- Work required
Below is a listing. Write out exactly its lines between the one holding "Preview: Mechanic cuts" and the one holding "The animals are", inclusive.

- Exercise input

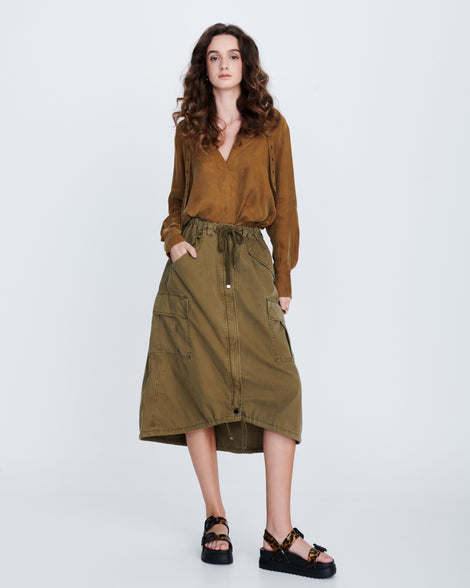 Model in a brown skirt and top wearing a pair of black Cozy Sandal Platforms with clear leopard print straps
* * *
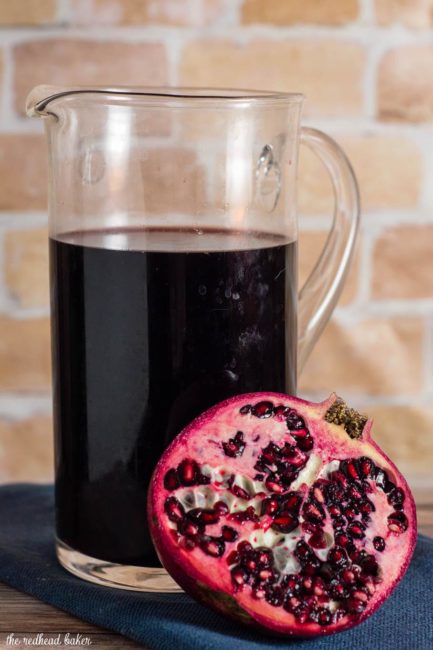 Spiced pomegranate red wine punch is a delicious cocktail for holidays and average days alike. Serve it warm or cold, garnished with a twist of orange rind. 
...
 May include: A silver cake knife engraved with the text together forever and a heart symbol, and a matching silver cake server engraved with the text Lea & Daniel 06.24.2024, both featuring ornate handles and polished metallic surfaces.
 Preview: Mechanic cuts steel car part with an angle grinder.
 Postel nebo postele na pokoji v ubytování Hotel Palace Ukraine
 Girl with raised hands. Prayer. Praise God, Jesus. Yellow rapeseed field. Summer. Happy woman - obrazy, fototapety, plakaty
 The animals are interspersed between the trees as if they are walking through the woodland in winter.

- Result of this exercise
 Preview: Mechanic cuts steel car part with an angle grinder.
 Postel nebo postele na pokoji v ubytování Hotel Palace Ukraine
 Girl with raised hands. Prayer. Praise God, Jesus. Yellow rapeseed field. Summer. Happy woman - obrazy, fototapety, plakaty
 The animals are interspersed between the trees as if they are walking through the woodland in winter.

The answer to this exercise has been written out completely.